BRIEF: What you give back should be exactly the lines from the one with "E-Z-GO OEM air" through the end of the data, without the pictures.

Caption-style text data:
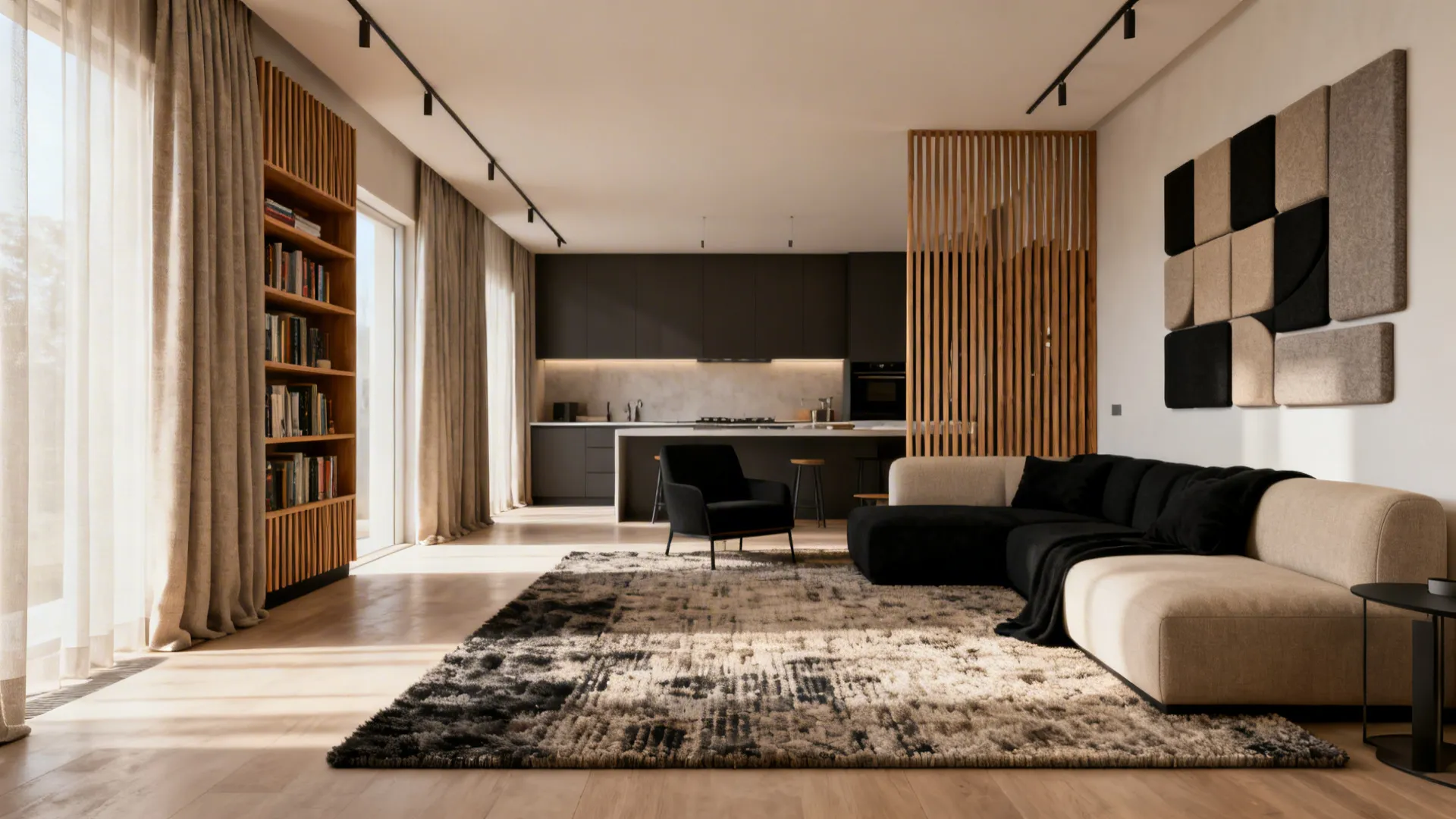 Open-plan space with rugs, drapery, upholstery, and bookcase diffusers to improve acoustics.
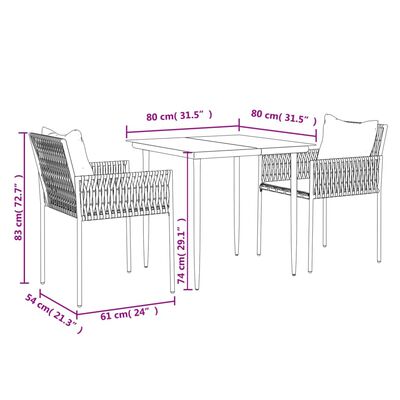 vidaXL 3 Piece Patio Dining Set with Cushions Poly Rattan and Steel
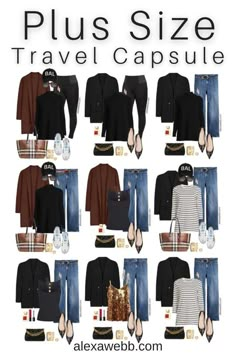 Plus Size Carry-On Travel Capsule - Winter Holidays - A plus size mini-capsule wardrobe with wintery outfit ideas for traveling this holiday season. All of these pieces should fit in a carry-on suitcase. Alexa Webb Winter Cruise Capsule Wardrobe, 9 Pieces 9 Outfits Winter, London Outfit Winter Plus Size, 12 Day Travel Wardrobe, Winter Travel Outfit Plus Size, 4 Day Travel Outfits, Capsule Plus Size Wardrobe, Altheisure Style Plus Size, Carry On Capsule Wardrobe Winter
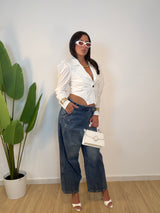 Giacca crop con spalline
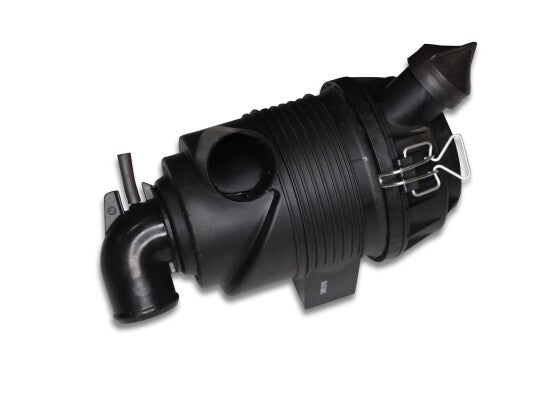 E-Z-GO OEM air cleaner assembly with high-performance filter for golf carts, designed to improve engine efficiency and airflow.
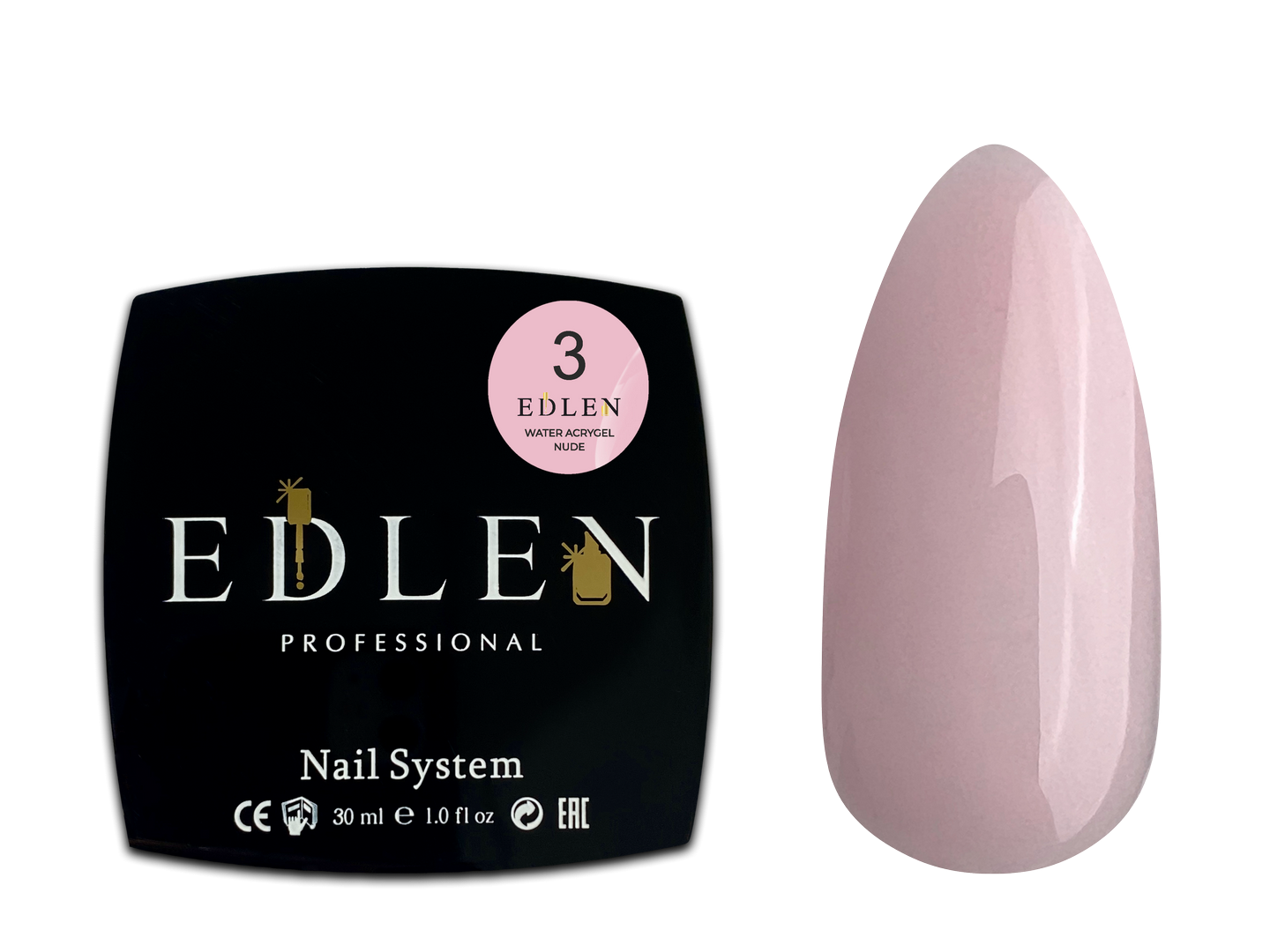 Рідкий гель для зміцнення та моделювання нігтя Edlen Water Acrygel Nude №03 рожево-пудровий, 30 мл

ANSWER SPACE:
 E-Z-GO OEM air cleaner assembly with high-performance filter for golf carts, designed to improve engine efficiency and airflow.
 Рідкий гель для зміцнення та моделювання нігтя Edlen Water Acrygel Nude №03 рожево-пудровий, 30 мл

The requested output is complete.